RECORDS TO USE
+++

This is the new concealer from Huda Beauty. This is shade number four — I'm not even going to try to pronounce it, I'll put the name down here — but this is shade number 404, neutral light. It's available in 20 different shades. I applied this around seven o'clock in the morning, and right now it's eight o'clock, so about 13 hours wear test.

+++

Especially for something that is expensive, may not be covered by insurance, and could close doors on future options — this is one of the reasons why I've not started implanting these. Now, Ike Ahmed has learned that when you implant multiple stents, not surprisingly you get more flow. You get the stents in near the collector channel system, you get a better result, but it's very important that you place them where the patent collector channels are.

+++

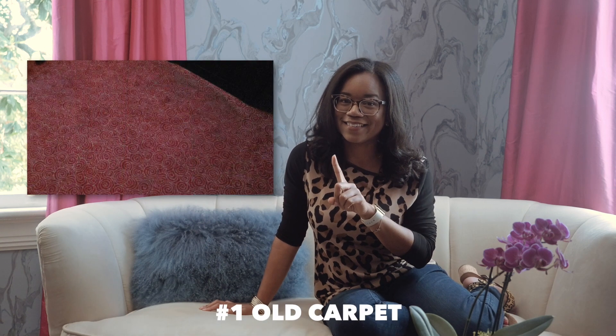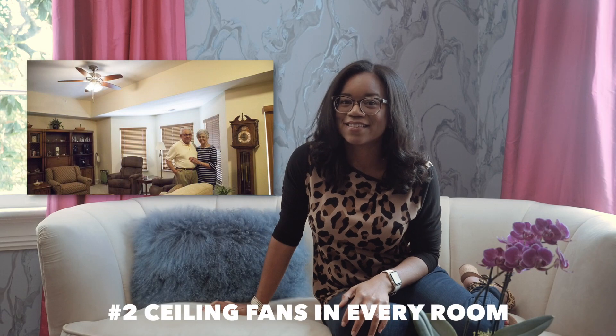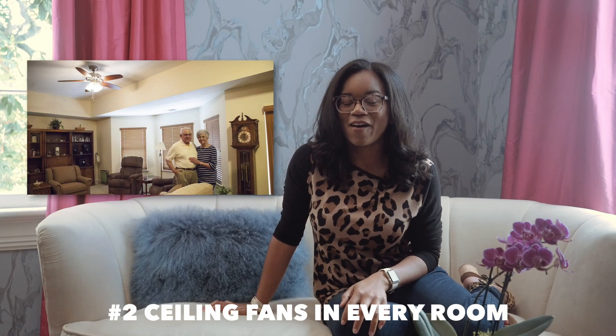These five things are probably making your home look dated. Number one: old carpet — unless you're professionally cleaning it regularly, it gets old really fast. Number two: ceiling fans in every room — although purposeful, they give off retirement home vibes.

+++

EXERCISE DESCRIPTION
Count up the lines of the listing in which the word "this" occurs, then state that number by itself.

EXERCISE ANSWER
2